Therukkoothu thrives, channeling spirit of the times

December 26, 2012 02:48 am | Updated November 17, 2021 04:33 am IST - CHENNAI:

P.K. Sambanda Thambiran has won this year’s Sangeet Natak Akademi award. Photo: Special Arrangement

P.K. Sambanda Thambiran has won this year’s Sangeet Natak Akademi award. Photo: Special Arrangement

In an era when cinema and other forms of infotainment threaten native folk art forms and amidst heavy pressure to compromise on quality, Therukkoothu is alive and thriving.

“The reception is encouraging. In the past, there used to be five or six troupes in an area. Now, there are 30 to 40 groups. But the only disadvantage is that there is more competition and only the best will get more opportunities,” P.K. Sambanda Thambiran, who has won this year’s Sangeet Natak Akademi award.
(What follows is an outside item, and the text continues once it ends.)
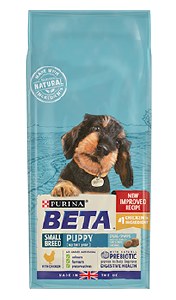 Beta Puppy Small Breed Chicken 2kg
The ‘P’ in his initials stands for Purisai, a small village in Tiruvannamalai district, a name synonymous with Therukkoothu and which has produced some great artistes incluing Sambanda Thambiran’s father Kannappa Thambiran.

Sambanda Thambiran, a fifth-generation artiste, was in Chennai to train students of the National School of Drama in enacting Shakespeare’s Macbeth in the street performance form.

Sambanda Thambiran said the dress code, make-up, singing style and music differered from region to region. While the ‘therkatthi paani’ (southern style) is practised in areas around Villupuram and Tindivanam, the art form that prevails in Tiruvannamalai, Kancheepuram, Vellore and other districts is called ‘vadakkathi ‘paani (northern style).

Muhaveena, harmonium, dolak, mrindangam and jalra are the musical instruments used in Therukkoothu .

“We usually use Carnatic ragas such as naattai, kedara gowla, muhari, and nadhanamakriya for singing viruthams,” he said, as he rendered a high-pitched song in muhari that narrated Panchali’s lament on how a loafer grabbed her hair and dragged her away.

“We have never been under pressure to introduce vulgar body movements, dialogues and music that have gradually crept into other folk arts. In fact, we will be chided if we resort to cheap methods to please the audience,” said Sambandan.

He expressed happiness over the award. “It is a recognition, not just for me, but for all Therukkothu artistes and members of my group,” said Sambandan, who has been running Purisai Duraisami Kannappa Thambiran Paramparai Therukkoothu Mandram.

The Mahabaratha is usually the preferred subject for Therukkoothu , which is normally performed during the Tamil months beginning from Chithirai to Purattaasi in Draupadhi Amman and Mariamman temples. But in the 1980s, the trend changed with the arrival of Sambanda Thambiran, who was also trained in modern theatre at Koothu Pattarai, the experimental theatre group based in the city.

“The interaction between Therukkoothu and modern theatre led to many more experiments. We started performing Subramania Bharathiyar’s Panchali Sabatham, Kambaramayana and other literary works. Though we introduced novel ideas, we never deviated from the basic structure of the art form,” said Sambandan, who has travelled to France, Colombia, Sweden, Singapore and US to give performances.

In Colombia, he staged Gabriel Garcia Marquez’s A Very Old Man with Enormous Wings during the fifth international Theatre Festival.

Asked whether people in a Spanish-speaking country were able to understand a story rendered in Tamil, he said the narrator of the prologue ( kattiyankaran ) explained everything to the audience in a nutshell.

During Bertolt Brecht’s birth centenary , he also adapted The Caucasian Chalk Circle in the Therukkoothu form.